If the Mets or Phillies call Theo Epstein about their open front office positions, the Cubs president of baseball operations will likely pick up the phone. He said he always does.

“I come from the school of never ruling anything out but having some firm ideas in my mind of what I think is best for me and best for my family,” Epstein said. “I do hope and expect to have a third chapter in baseball, but in no shape or form do I expect to do it right away.”

So, what do those firm ideas lay out for Epstein in the meantime, after he officially steps down from his post Friday? When Epstein addressed the media Tuesday, shortly after the Cubs announced he would be resigning and general manager Jed Hoyer taking his place, Epstein left his plans for the next year open-ended.

“I envision taking some time to pursue other pursuits, to spend with my family, and to do some things that have just been impossible when you're going to a ballpark every single day every summer for the last 29 years.”

Epstein did, however, say he’s confident that he’ll remain involved in the sport, in some shape or form.

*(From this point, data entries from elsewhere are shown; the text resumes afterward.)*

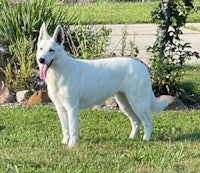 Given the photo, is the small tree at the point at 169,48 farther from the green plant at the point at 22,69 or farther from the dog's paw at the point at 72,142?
the dog's paw at the point at 72,142

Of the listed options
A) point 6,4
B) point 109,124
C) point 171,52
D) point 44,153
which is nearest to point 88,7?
point 6,4

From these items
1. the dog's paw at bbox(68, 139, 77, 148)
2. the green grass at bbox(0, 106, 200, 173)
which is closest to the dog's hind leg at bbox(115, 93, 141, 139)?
the green grass at bbox(0, 106, 200, 173)

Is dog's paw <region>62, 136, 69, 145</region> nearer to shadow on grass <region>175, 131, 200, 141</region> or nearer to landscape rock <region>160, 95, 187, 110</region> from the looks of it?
shadow on grass <region>175, 131, 200, 141</region>

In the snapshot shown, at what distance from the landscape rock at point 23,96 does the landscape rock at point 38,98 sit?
0.35 ft

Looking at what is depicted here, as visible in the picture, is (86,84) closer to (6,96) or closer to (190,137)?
(190,137)

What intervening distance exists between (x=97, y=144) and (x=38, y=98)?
2479 millimetres

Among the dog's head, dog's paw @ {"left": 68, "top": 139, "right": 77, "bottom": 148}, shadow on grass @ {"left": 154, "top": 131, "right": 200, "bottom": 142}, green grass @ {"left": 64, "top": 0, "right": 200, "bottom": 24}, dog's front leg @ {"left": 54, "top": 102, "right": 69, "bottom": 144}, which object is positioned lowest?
green grass @ {"left": 64, "top": 0, "right": 200, "bottom": 24}

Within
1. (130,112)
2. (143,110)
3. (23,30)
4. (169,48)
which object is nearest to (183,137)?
(143,110)

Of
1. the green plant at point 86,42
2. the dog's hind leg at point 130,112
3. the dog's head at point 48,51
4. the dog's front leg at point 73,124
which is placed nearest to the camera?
the dog's head at point 48,51

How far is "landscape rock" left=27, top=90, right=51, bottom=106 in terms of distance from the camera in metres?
9.27

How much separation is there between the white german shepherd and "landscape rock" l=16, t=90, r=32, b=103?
2.19 meters

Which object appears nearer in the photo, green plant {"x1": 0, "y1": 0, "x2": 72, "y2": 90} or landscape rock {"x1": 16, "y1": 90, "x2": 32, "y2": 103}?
landscape rock {"x1": 16, "y1": 90, "x2": 32, "y2": 103}

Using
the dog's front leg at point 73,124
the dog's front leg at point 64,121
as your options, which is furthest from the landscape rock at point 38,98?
the dog's front leg at point 73,124

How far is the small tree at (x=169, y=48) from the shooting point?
30.9 ft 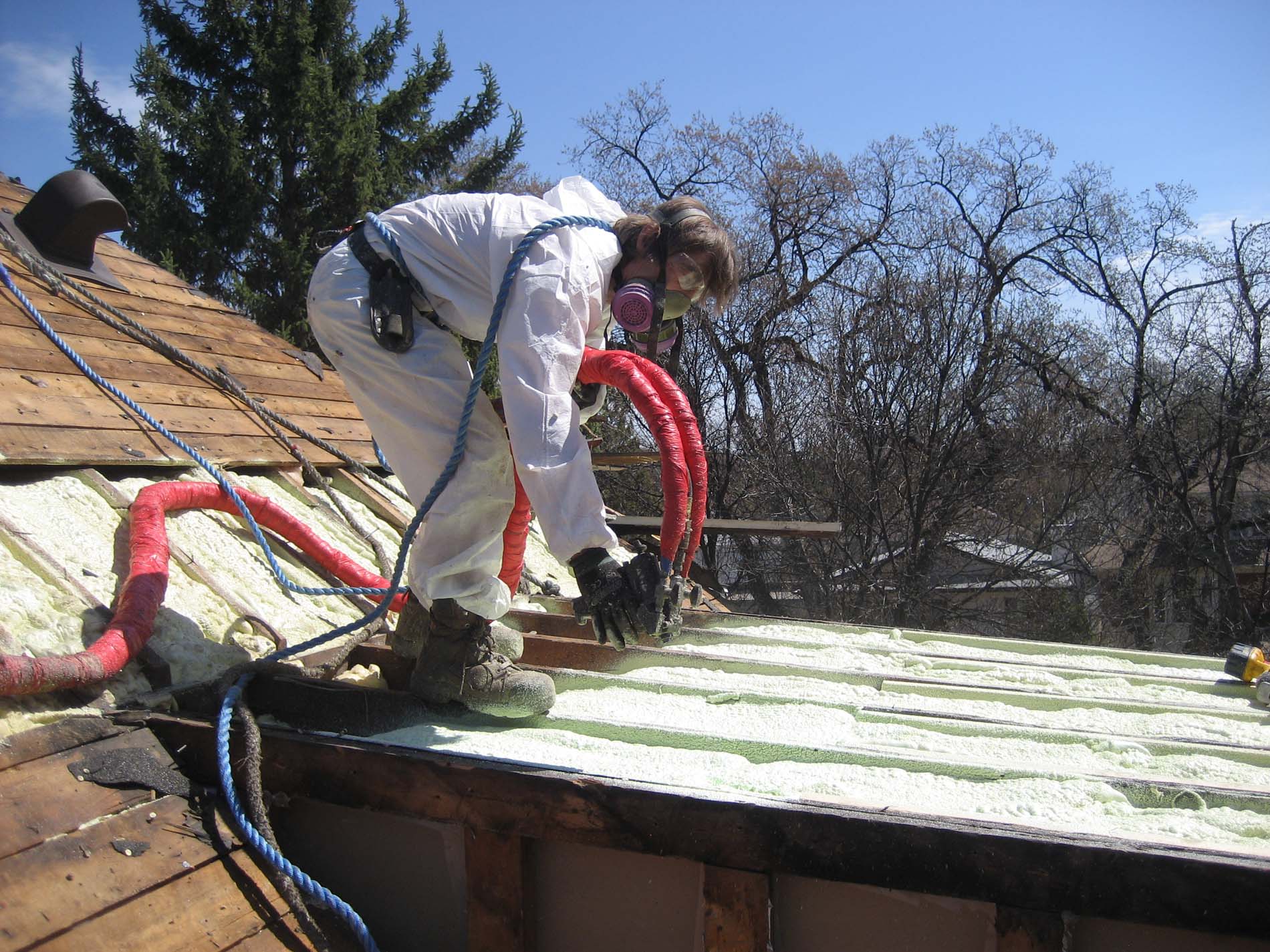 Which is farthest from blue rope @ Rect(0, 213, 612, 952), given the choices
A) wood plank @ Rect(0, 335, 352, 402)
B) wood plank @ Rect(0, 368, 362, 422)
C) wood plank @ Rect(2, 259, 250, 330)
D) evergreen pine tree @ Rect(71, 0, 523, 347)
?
evergreen pine tree @ Rect(71, 0, 523, 347)

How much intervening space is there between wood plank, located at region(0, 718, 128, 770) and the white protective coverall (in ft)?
2.50

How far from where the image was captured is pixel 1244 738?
2.32 meters

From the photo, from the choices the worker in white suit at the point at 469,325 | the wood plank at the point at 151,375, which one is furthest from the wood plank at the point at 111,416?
the worker in white suit at the point at 469,325

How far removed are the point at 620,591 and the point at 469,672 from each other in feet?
1.91

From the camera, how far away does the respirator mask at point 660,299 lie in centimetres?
230

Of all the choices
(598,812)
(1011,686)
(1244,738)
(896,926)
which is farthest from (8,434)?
(1244,738)

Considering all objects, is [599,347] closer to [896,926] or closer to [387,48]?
[896,926]

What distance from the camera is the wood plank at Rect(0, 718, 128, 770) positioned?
182cm

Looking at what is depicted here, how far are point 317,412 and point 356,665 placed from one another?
1993 millimetres

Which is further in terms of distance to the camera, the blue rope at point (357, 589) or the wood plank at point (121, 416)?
the wood plank at point (121, 416)

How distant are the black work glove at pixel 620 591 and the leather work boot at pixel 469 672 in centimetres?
42

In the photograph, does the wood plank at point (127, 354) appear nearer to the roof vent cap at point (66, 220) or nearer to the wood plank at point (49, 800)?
the roof vent cap at point (66, 220)

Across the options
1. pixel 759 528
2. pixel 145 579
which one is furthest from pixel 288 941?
pixel 759 528

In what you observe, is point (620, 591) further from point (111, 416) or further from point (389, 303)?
point (111, 416)
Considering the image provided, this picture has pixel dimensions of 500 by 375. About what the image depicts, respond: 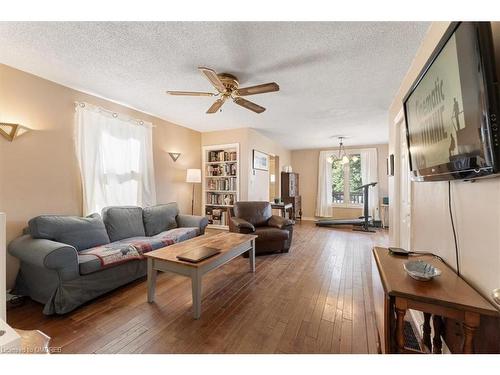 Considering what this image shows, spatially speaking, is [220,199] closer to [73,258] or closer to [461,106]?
[73,258]

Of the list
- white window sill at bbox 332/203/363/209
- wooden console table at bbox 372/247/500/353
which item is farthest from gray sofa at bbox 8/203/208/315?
white window sill at bbox 332/203/363/209

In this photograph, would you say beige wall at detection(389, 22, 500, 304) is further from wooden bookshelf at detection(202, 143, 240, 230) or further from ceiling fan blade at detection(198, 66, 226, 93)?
wooden bookshelf at detection(202, 143, 240, 230)

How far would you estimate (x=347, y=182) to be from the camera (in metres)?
6.48

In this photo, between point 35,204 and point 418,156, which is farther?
point 35,204

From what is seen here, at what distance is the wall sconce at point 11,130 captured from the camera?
208cm

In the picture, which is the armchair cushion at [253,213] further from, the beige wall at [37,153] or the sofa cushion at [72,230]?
the beige wall at [37,153]

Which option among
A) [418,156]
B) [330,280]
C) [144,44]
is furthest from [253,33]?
[330,280]

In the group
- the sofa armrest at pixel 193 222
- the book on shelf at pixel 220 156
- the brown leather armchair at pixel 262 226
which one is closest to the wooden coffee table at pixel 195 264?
the brown leather armchair at pixel 262 226

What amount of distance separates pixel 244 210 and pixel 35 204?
8.96ft

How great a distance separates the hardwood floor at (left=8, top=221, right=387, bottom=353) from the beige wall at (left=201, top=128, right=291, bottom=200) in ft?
6.69

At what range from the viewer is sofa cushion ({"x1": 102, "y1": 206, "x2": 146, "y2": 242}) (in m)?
2.77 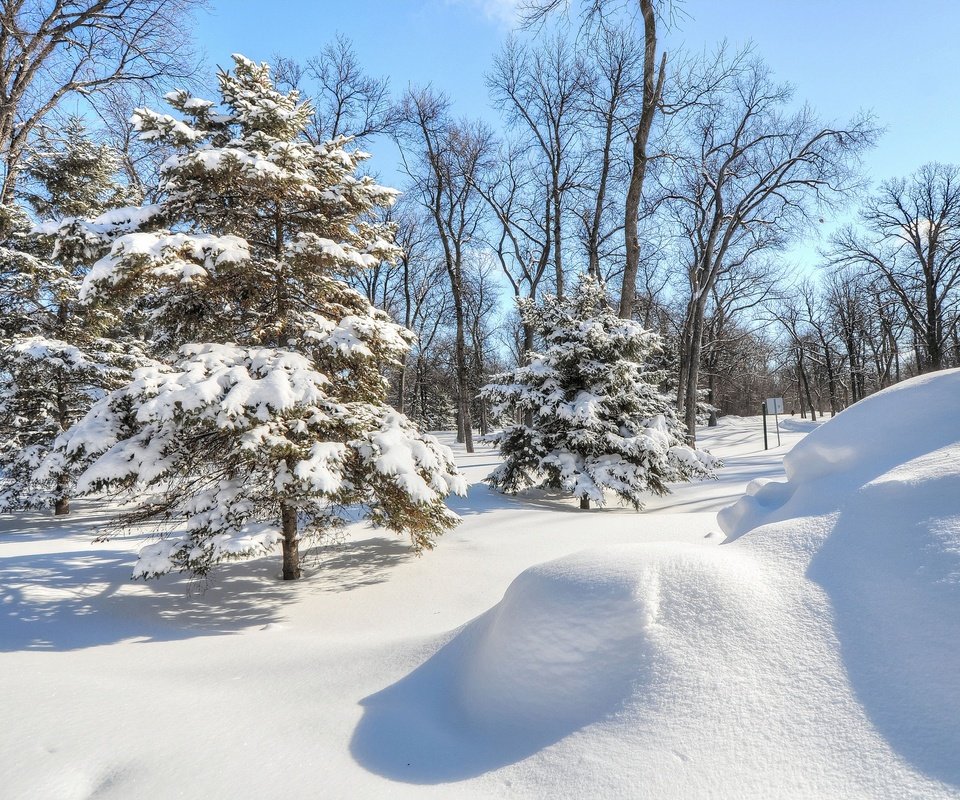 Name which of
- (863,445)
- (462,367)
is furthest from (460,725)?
(462,367)

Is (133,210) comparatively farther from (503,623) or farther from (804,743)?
(804,743)

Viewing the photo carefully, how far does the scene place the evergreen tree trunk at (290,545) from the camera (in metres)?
5.80

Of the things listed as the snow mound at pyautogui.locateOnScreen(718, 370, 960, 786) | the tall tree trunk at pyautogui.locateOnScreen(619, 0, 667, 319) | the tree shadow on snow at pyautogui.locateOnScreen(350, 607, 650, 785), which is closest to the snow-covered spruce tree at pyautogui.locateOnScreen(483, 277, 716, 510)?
the tall tree trunk at pyautogui.locateOnScreen(619, 0, 667, 319)

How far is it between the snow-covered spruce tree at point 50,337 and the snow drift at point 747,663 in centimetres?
1087

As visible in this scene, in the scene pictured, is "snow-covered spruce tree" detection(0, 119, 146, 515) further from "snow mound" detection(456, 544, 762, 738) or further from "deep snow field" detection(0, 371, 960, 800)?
"snow mound" detection(456, 544, 762, 738)

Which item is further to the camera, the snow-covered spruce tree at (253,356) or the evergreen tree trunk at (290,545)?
the evergreen tree trunk at (290,545)

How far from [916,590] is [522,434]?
806 cm

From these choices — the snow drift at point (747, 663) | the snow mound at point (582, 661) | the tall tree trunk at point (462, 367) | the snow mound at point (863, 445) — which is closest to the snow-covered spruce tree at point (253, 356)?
the snow mound at point (582, 661)

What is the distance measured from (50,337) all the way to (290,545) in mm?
9260

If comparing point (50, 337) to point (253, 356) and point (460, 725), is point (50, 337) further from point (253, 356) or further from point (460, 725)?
point (460, 725)

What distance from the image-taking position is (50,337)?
1105cm

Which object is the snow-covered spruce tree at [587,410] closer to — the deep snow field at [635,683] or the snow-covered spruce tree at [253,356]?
Result: the snow-covered spruce tree at [253,356]

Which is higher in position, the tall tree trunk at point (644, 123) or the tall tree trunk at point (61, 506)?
the tall tree trunk at point (644, 123)

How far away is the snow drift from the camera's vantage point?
189 cm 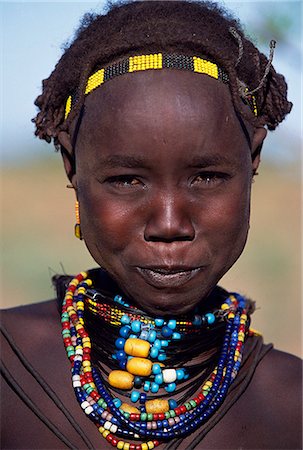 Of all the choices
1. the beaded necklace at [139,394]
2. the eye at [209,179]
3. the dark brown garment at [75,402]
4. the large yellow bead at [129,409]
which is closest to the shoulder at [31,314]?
the dark brown garment at [75,402]

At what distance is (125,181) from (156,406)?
2.43 ft

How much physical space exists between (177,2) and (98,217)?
0.78 m

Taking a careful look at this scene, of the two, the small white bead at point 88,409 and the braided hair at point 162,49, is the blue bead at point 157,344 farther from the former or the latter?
the braided hair at point 162,49

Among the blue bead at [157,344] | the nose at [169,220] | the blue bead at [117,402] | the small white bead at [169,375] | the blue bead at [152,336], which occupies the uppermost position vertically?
the nose at [169,220]

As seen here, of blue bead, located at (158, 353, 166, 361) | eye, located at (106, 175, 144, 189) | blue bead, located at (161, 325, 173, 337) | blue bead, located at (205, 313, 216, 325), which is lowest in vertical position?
blue bead, located at (158, 353, 166, 361)

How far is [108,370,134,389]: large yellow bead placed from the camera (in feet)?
7.82

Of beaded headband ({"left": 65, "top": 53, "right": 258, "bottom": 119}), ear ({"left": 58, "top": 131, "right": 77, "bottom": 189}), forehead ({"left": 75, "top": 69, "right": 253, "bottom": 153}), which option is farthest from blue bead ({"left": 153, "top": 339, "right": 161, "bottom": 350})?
beaded headband ({"left": 65, "top": 53, "right": 258, "bottom": 119})

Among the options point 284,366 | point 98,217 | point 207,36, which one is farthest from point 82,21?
point 284,366

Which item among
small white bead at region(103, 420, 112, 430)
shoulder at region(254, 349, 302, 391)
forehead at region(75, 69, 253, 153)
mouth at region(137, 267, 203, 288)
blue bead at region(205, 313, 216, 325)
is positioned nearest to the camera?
forehead at region(75, 69, 253, 153)

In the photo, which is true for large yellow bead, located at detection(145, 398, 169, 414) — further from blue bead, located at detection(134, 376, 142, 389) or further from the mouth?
the mouth

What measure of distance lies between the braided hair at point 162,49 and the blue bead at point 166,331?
71cm

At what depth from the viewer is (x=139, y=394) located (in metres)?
2.40

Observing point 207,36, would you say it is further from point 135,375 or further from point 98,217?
point 135,375

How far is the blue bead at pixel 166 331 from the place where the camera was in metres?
2.38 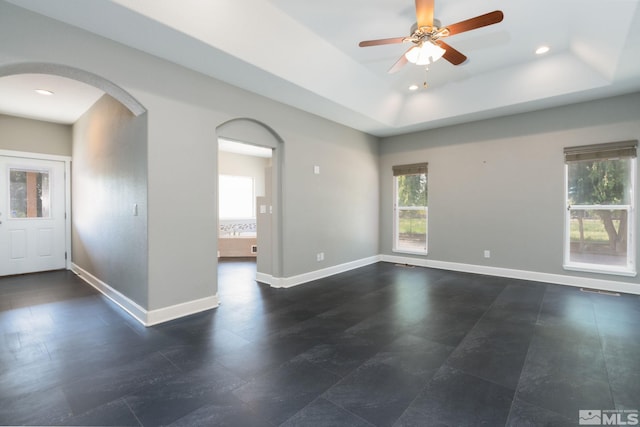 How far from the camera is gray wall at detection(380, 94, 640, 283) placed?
14.3ft

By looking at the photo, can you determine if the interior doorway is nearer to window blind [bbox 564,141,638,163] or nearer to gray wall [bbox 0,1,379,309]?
gray wall [bbox 0,1,379,309]

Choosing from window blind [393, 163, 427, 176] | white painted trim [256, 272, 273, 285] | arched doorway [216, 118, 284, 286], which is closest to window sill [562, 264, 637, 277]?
window blind [393, 163, 427, 176]

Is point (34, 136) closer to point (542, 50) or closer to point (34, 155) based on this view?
point (34, 155)

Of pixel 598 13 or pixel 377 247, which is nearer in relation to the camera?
pixel 598 13

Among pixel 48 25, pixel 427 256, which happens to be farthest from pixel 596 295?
pixel 48 25

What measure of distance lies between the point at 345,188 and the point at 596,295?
3.86 meters

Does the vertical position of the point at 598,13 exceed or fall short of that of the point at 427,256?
it exceeds it

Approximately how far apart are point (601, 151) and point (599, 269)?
1.67m

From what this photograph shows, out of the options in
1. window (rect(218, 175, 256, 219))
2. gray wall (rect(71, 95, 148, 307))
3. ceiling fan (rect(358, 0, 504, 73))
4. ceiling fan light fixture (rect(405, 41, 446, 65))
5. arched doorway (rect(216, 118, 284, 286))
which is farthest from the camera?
window (rect(218, 175, 256, 219))

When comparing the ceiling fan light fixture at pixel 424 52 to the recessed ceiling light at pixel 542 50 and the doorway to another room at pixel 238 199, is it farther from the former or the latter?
the doorway to another room at pixel 238 199

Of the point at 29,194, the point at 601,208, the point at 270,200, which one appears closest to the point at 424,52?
the point at 270,200

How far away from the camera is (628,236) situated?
412 cm

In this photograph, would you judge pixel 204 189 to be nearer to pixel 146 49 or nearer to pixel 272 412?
pixel 146 49

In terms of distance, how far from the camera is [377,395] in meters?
1.90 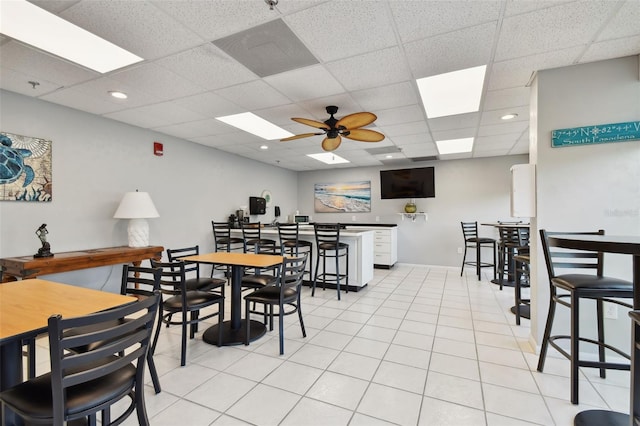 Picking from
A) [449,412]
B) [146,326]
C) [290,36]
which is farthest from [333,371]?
[290,36]

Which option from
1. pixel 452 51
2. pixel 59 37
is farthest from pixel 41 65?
pixel 452 51

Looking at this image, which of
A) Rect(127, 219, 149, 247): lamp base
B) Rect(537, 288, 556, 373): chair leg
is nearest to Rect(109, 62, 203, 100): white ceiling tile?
Rect(127, 219, 149, 247): lamp base

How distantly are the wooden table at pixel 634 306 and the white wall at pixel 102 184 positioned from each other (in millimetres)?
4757

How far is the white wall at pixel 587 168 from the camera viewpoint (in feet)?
7.84

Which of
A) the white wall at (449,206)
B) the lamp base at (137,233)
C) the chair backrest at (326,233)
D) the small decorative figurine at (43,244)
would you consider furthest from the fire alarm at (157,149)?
the white wall at (449,206)

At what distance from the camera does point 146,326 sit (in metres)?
1.39

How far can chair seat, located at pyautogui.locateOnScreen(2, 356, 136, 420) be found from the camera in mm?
1139

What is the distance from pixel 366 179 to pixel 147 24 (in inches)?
244

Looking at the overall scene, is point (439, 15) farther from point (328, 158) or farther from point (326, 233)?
point (328, 158)

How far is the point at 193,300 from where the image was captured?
2.57m

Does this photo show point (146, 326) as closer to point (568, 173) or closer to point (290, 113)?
point (290, 113)

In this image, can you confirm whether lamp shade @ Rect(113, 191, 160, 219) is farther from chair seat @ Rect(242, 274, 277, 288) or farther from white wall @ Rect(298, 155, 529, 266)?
white wall @ Rect(298, 155, 529, 266)

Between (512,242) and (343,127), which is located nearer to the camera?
(343,127)

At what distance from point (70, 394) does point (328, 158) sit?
589cm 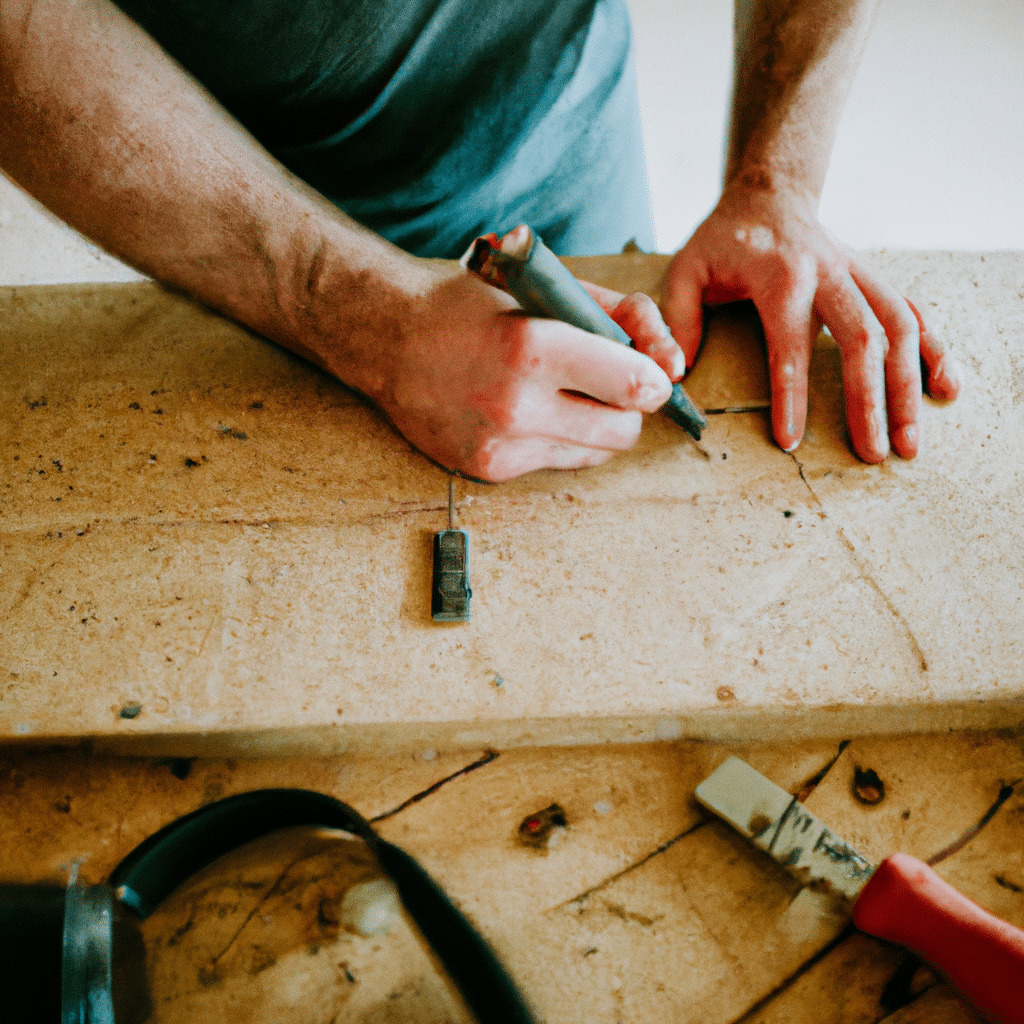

“This is the best game in the world, by far, in my opinion,” Epstein said. “But we do face some very real challenges. There are some storm clouds on the horizon, and we have to find a way to navigate through that as an industry. I'm happiest when baseball drives the sports conversation in this country and is atop the perch as the true national pastime, hands down no questions asked.


“And there are a lot of threats to that with everything going on in the world and industry issues that we face over the next year or so. So, now that I'm not with a team, and I'm outside, maybe there's some way I could help or be of assistance.”

That could mean any number of things before Epstein’s eventual third chapter running a baseball organization.

In a farewell letter to his colleagues, obtained by several media outlets including The Athletic, Epstein mentioned working with non-profits including The Foundation to Be Named Later, the Cubs’ Careers as Sports Executives program and the Players Alliance.

What about a consulting role with the league office?

On Tuesday, Epstein didn’t rule out that option. He mentioned his ongoing dialogue through the years with commissioner Rob Manfred and executives Dan Halem, Morgan Sword and Chris Marinak.

“Maybe there's a way it could work out where I could assist them in all the great work that they're doing,” Epstein said. “But I'll leave that to another day. We'll see what happens. Whether I'm involved in some capacity or not, I have great dialogue with the folks in MLB and can always pick up the phone and contribute anything I have to offer or answer questions. But we're in great hands as we sit here today, as an industry, with everyone working in central baseball.”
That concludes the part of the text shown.